▶ **SOURCE RECORDS**:
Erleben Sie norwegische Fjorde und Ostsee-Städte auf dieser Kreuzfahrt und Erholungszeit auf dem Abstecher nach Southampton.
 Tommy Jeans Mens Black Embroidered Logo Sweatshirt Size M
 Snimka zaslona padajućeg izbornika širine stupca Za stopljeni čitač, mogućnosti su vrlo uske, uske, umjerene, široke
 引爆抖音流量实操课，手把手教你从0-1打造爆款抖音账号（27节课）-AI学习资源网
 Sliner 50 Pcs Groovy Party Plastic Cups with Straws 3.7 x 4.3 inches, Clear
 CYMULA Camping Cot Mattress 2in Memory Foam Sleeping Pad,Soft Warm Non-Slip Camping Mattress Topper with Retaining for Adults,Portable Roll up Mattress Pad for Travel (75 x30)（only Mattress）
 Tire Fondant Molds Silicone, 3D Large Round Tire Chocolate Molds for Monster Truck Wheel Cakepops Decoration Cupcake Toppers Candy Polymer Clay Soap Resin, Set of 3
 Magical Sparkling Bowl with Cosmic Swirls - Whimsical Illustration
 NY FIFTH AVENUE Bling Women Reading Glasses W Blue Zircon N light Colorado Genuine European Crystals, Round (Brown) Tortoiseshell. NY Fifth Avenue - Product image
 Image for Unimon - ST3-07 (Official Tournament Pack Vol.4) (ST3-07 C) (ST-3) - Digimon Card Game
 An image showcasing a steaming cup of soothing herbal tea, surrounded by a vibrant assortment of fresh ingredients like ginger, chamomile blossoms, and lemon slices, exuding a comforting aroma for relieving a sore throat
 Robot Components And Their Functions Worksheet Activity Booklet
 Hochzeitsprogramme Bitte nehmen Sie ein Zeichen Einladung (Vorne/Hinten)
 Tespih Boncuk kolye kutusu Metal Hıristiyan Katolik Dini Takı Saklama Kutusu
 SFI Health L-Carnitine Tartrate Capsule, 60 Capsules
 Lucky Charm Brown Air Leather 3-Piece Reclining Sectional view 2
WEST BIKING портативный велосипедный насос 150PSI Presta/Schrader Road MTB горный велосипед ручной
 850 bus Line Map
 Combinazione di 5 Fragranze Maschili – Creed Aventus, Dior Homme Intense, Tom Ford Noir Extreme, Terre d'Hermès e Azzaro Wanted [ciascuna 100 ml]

▶ **WHAT TO PRODUCE**: Tell how many lines in the material contain the word "Brown". Only the number is wanted.

▶ **WORKED SOLUTION**: 2